I often find myself traveling back to a particular night of my youth that still seems to haunt me. I was up late, restless in the way I suppose teenagers often are. I snuck out of the house, not for the purpose of going to an illicit party or forbidden romantic rendezvous, but, really, just because I felt the compulsion to make conversation; though I wasn’t sure with whom.
Job is not the only biblical character who sought conversation with the Divine. Jacob, though he was rich and blessed, still wrestled with God. And lost.
But I didn’t get so far. Instead, I just sat on the hood of my Jeep in the driveway, staring up into the night sky. The stars were out and the air was clear. It seemed like the peaceful and pious kind of environment in which to spar with the Almighty. What I was asking for, I cannot say. I did not have the means to even articulate my request, but it was desperate and pervasive; I could feel it rising in my chest but the words to carry it escaped my mind. The urgency of this conundrum carried my thoughts like a trained carrier pigeon through a storm. Terrified and confused, it lost its way, finally arriving back at the place where it’d begun.
And so I just sat there, and didn’t say a thing. But I meant every word.
Seven years later, I still cannot tell you whether or not my prayer has yet been answered.
I try, every week, to conjure up some personal experience that speaks to and articulates the reality of my faith. This is not an obligation but a compulsion; the same way in which I enter a crowded room and cannot help but engage in conversation. The same conversation is taking place all around me, and I must contribute; this I believe.
But now and then, if I am honest, I find I do not have the words to speak about my faith. As many hours as I spend staring out a window or walking around and investigating the world beyond my front door, I find myself incapable of seeing the tiny miracles I know, I trust, must exist right in front of my own eyes. And I have nothing to say.
Karl Barth once said that when we believe, we must believe in spite of God’s hiddeness. This itself, is an act of grace. For who can see God and live? This is the question of sages past. And the answer was always the same: no one. Yet somehow I believe in his reality, as opposed to just an abstract notion contrived by my upbringing and imagination.

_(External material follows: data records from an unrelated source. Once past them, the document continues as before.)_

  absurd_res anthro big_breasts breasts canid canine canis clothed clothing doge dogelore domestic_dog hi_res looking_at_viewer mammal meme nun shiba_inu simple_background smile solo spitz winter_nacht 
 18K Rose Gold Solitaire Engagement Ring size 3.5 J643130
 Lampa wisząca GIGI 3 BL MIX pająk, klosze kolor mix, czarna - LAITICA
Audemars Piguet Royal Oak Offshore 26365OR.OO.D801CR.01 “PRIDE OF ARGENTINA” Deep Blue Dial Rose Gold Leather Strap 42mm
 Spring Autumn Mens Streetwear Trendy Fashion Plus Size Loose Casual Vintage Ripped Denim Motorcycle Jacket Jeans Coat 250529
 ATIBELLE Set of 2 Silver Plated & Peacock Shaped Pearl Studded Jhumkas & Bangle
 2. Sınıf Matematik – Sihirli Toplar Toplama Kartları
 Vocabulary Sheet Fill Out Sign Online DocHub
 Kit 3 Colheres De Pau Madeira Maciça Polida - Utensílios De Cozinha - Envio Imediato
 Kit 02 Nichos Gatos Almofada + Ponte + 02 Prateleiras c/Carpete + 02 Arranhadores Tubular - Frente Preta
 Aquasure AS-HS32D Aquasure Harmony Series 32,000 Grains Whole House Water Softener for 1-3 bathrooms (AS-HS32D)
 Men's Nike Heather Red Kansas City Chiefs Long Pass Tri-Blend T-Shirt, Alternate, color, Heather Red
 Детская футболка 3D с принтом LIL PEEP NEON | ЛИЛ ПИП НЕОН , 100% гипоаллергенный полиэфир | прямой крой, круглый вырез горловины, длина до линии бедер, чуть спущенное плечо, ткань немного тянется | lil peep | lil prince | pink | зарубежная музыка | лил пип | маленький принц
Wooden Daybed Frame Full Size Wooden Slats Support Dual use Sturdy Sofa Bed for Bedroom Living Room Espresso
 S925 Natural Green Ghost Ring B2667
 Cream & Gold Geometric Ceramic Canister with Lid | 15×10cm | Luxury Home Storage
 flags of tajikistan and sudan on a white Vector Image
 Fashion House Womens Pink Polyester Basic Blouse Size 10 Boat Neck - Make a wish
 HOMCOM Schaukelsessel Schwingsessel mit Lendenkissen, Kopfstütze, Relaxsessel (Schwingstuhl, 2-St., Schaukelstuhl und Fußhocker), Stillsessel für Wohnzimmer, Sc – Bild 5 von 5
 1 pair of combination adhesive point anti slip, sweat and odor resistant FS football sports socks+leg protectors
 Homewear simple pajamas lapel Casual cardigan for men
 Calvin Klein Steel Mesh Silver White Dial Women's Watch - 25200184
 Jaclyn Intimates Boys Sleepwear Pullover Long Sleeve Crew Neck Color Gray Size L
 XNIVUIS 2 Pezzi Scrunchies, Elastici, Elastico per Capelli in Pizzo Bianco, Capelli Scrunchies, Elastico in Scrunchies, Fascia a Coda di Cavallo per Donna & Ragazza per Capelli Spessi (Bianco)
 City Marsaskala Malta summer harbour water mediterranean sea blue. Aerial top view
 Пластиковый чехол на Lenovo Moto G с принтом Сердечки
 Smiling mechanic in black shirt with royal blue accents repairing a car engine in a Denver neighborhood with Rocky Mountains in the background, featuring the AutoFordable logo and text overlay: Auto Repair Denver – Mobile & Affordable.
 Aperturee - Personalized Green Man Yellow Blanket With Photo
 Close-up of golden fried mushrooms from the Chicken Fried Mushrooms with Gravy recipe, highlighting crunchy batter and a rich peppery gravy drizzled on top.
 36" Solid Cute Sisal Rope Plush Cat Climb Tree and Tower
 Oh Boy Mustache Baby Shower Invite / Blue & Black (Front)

From the perspective of someone who cannot shut up, it is the silence of God that convinces me of his deity. He has a million things to say, and has said them, both through his words and through the Word, his Son. He has said them and continues to say them, every day in the tragic miracle of a spider web collecting dew on the grass, in the sunshine that sprints through our windows to shake us with the reality of it’s light, travelling millions of miles and rest upon our skin that’s slowly rotting on dying bones. God continues to say everything he has to say and yet at the same time he hides it; he created us with ears and yet there are those who cannot hear, refuse to hear. He gave us a knife called “freedom” with which he allowed us to cut our own throat. Abraham’s arm was stopped, but for some of us he does not always interfere.
He let me sit on my driveway, throughout that lonely night, until my back was cramped and I returned inside. Some would say, and I would be among them, that he did show up that night, in stars that’d long since burned out and the whisper of warm air that arose from the asphalt and swept across the driveway, sliding under my chin as a lover’s fingers before a long kiss. I cannot confirm this, but I do believe it.
Barth reminds us that it is not unbelief but only faith that should be taken seriously. Because if our faith is the grain of a mustard seed then that will suffice.
I have nothing else to say.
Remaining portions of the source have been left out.